WHAT IS NEEDED: Return the whole listing unchanged. Drop the images.

DATA EXTRACTS:
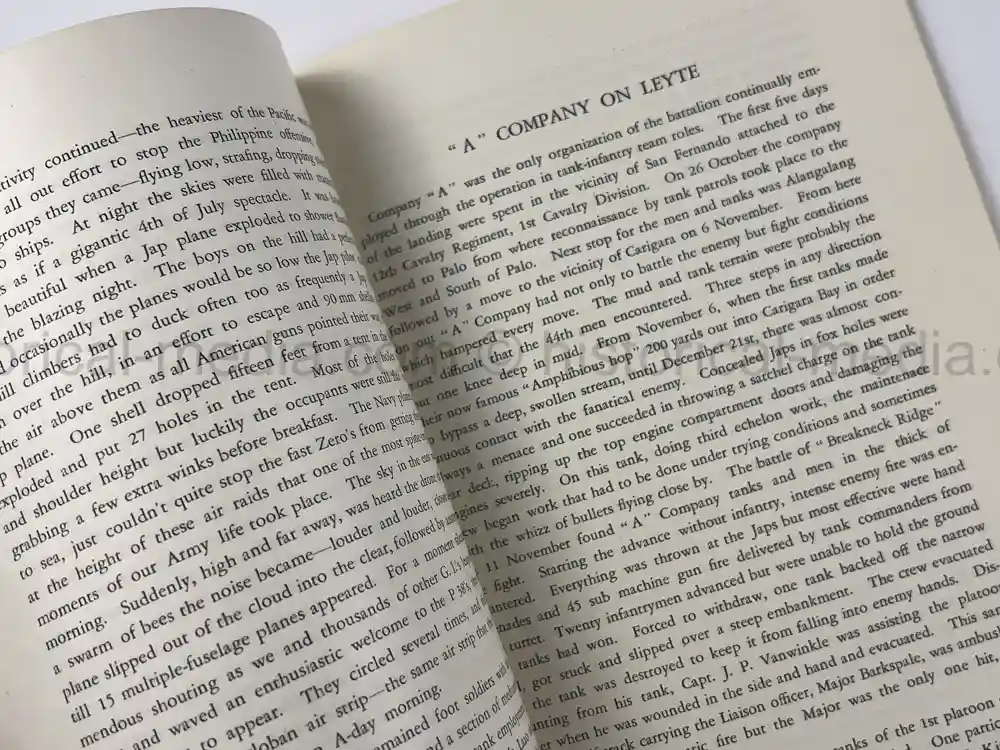 US WWII 44th TANK BATTALION COMMENDATION & UNIT HISTORY US WWII 44th TANK BATTALION COMMENDATION & UNIT HISTORY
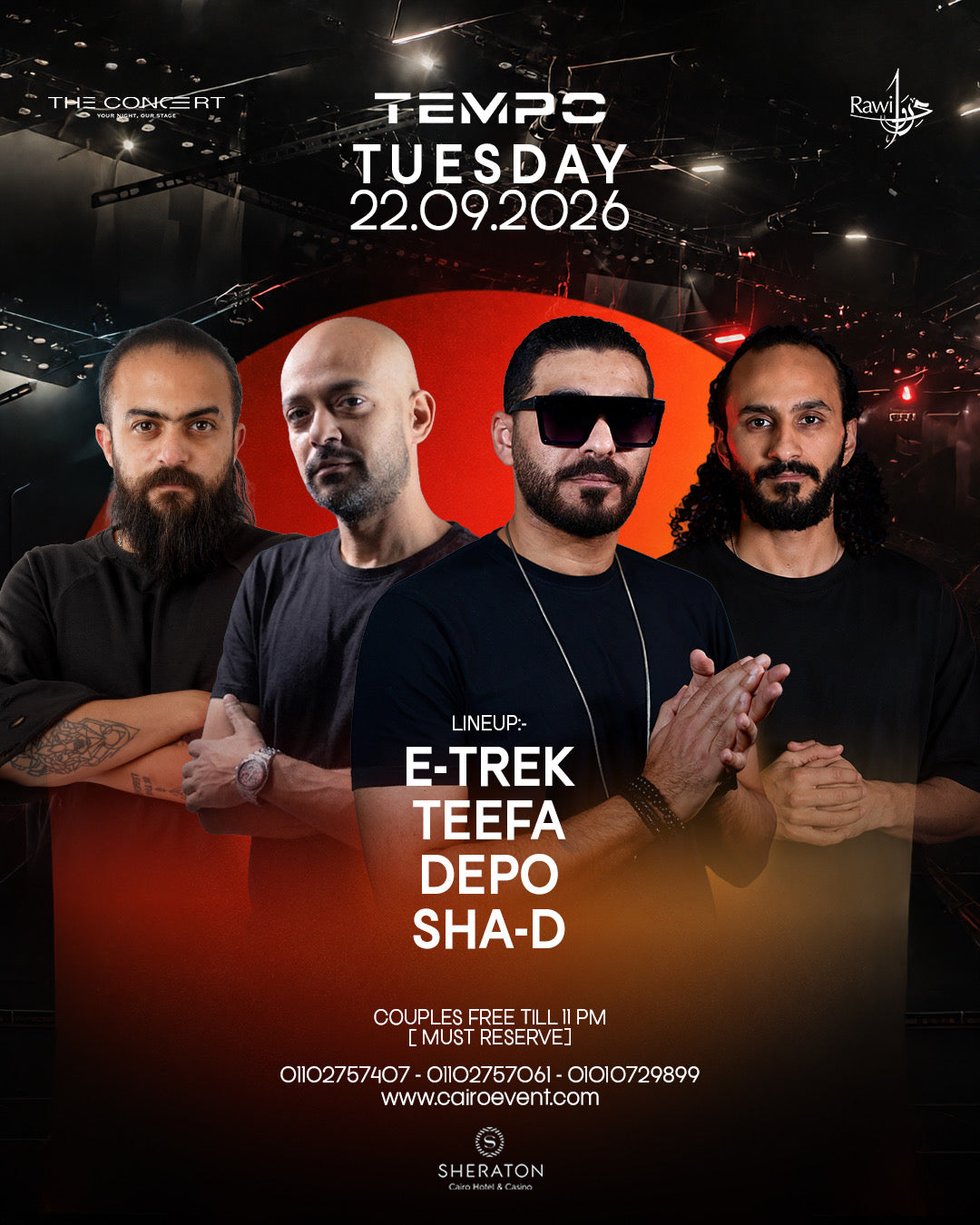 TUESDAY PARTY 22 SEP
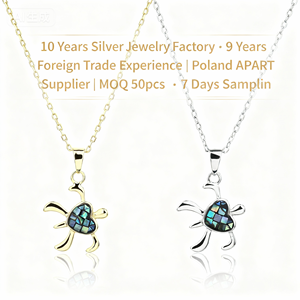 Модное Ювелирное Украшение для женщин, позолоченная цепочка, подвеска в виде черепахи, Шарм-подарок - Product Image 2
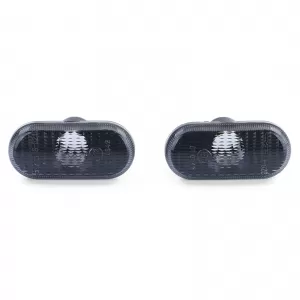 Side indicators black smoke pair for Renault 19 Clio 1 2 Twingo Megane 1 Laguna-image-6296545
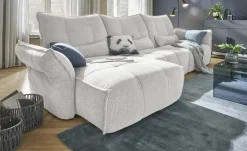 Ecksofa Jeaneva | Grau, links | Möbel Höffner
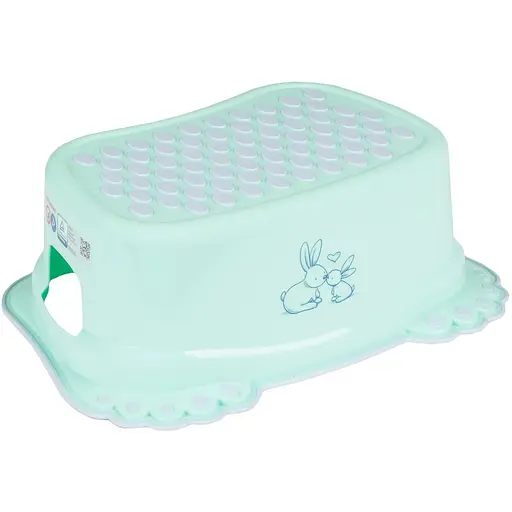 Ступени детские антискользкие в ванну Tega Baby Bunny light green - фото 1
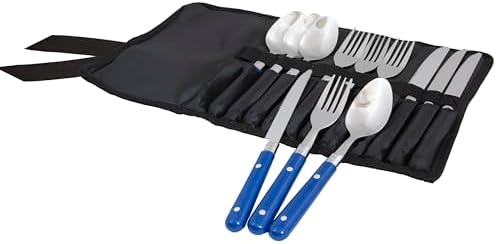 4-Person Enamelware Dining Set for Camping and Backpacking - Camping Gear Essentials for Camping and Backpacking by Caddis Sports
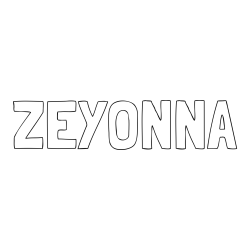 Online Created Coloring Page - ZEYONNA Coloring Page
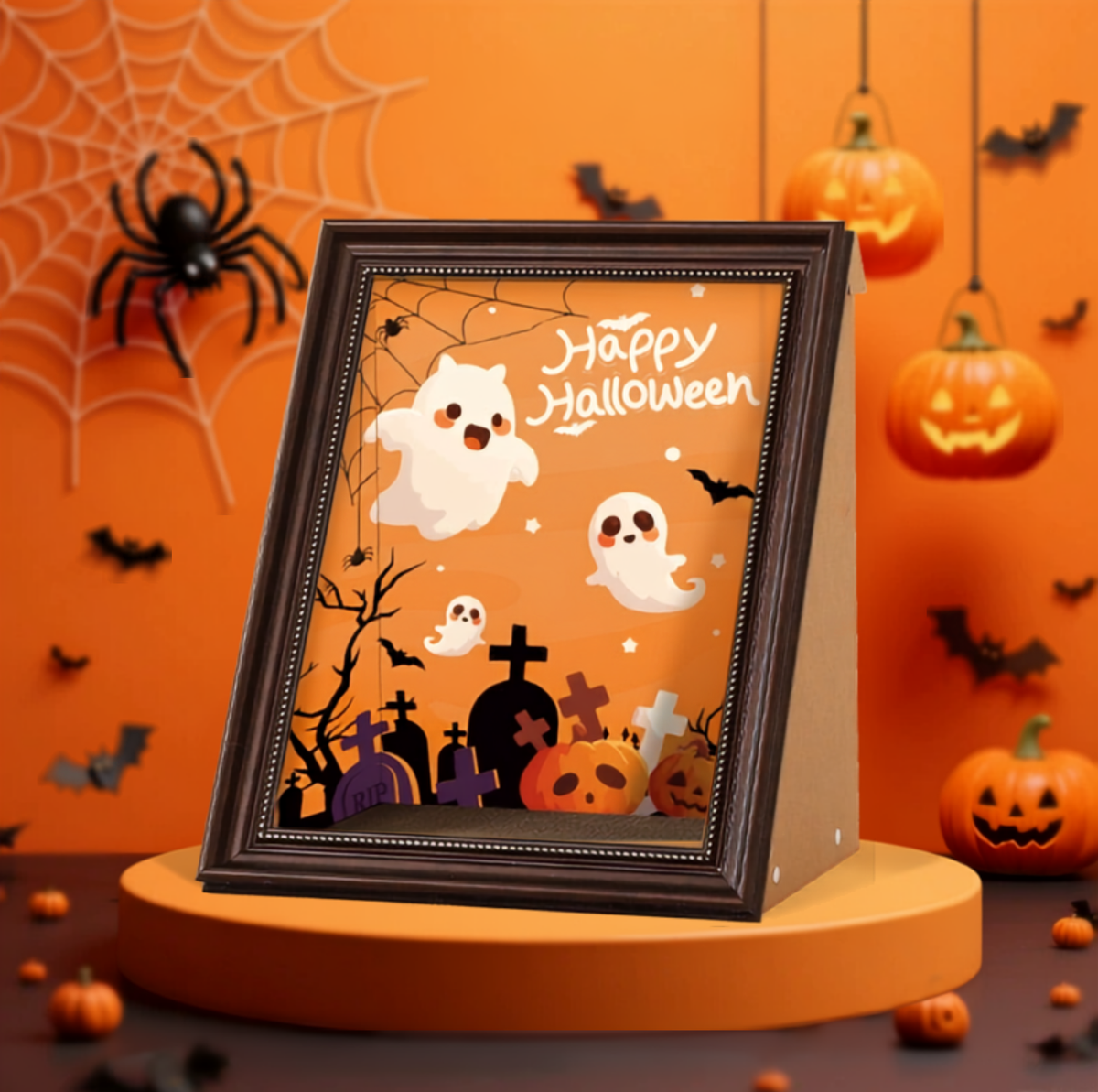Halloween Framed Cat Scratcher House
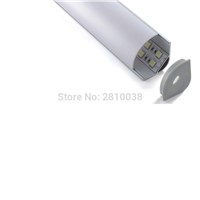 20 X 1M Sets/Lot V shape aluminum led channel and 60 degree corner extrusion profile for led cabinet or wardrobe lights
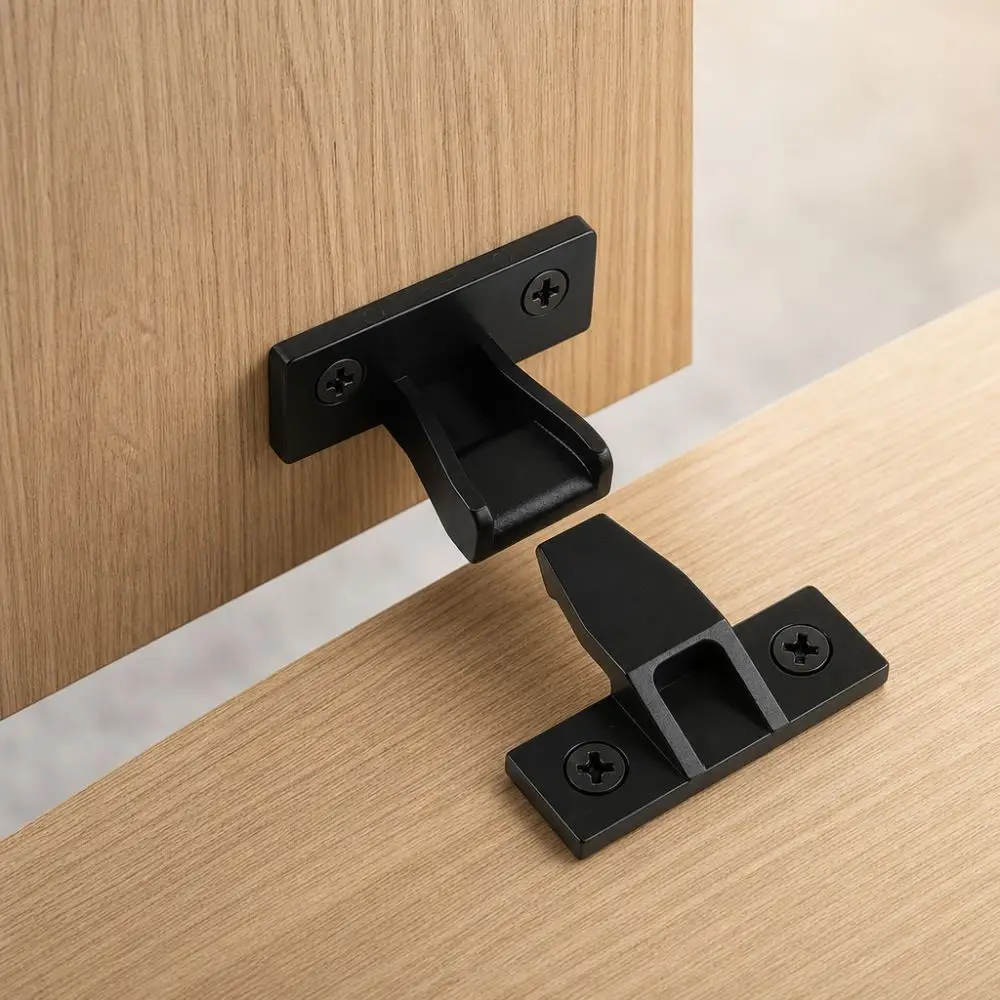 10pcs Adjustable Furniture Connectors Durable Universal Push-On Corner Buckles Versatile False Drawer Clips Cabinet Hardware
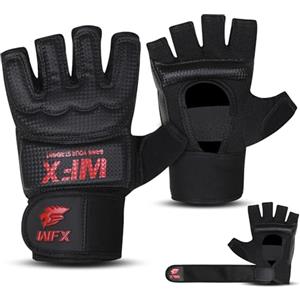 WFX Guanti da boxe per uomo e donna, guanti da karate, guanti da boxe per sacco da boxe per arti marziali, combattimento del corpo, guantoni da boxe per taekwondo, sparring, wrestling, kickboxing per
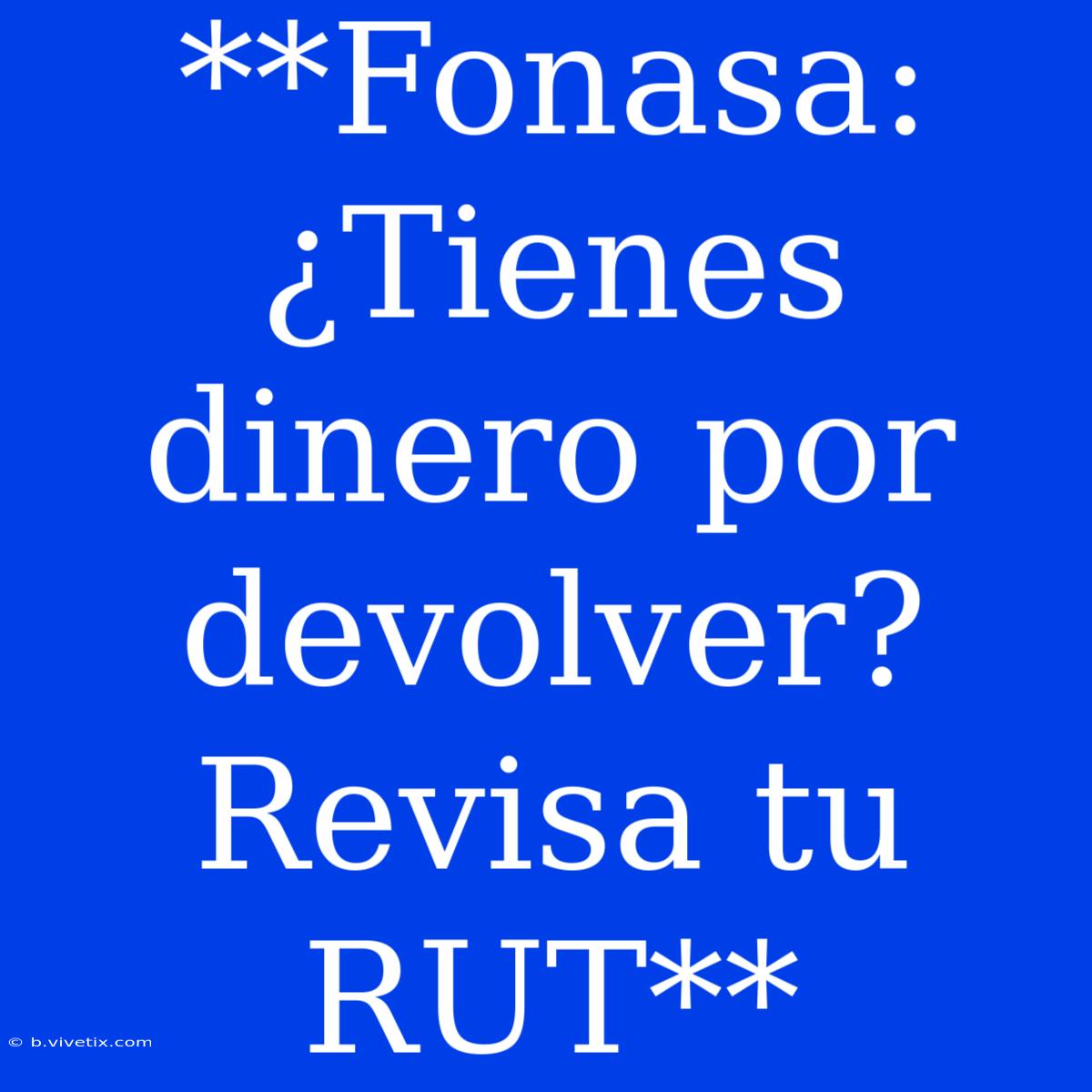 **Fonasa: ¿Tienes Dinero Por Devolver? Revisa Tu RUT**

ANSWER TO THIS PROBLEM:
 US WWII 44th TANK BATTALION COMMENDATION & UNIT HISTORY US WWII 44th TANK BATTALION COMMENDATION & UNIT HISTORY
 TUESDAY PARTY 22 SEP
 Модное Ювелирное Украшение для женщин, позолоченная цепочка, подвеска в виде черепахи, Шарм-подарок - Product Image 2
 Side indicators black smoke pair for Renault 19 Clio 1 2 Twingo Megane 1 Laguna-image-6296545
 Ecksofa Jeaneva | Grau, links | Möbel Höffner
 Ступени детские антискользкие в ванну Tega Baby Bunny light green - фото 1
 4-Person Enamelware Dining Set for Camping and Backpacking - Camping Gear Essentials for Camping and Backpacking by Caddis Sports
 Online Created Coloring Page - ZEYONNA Coloring Page
Halloween Framed Cat Scratcher House
 20 X 1M Sets/Lot V shape aluminum led channel and 60 degree corner extrusion profile for led cabinet or wardrobe lights
 10pcs Adjustable Furniture Connectors Durable Universal Push-On Corner Buckles Versatile False Drawer Clips Cabinet Hardware
 WFX Guanti da boxe per uomo e donna, guanti da karate, guanti da boxe per sacco da boxe per arti marziali, combattimento del corpo, guantoni da boxe per taekwondo, sparring, wrestling, kickboxing per
 **Fonasa: ¿Tienes Dinero Por Devolver? Revisa Tu RUT**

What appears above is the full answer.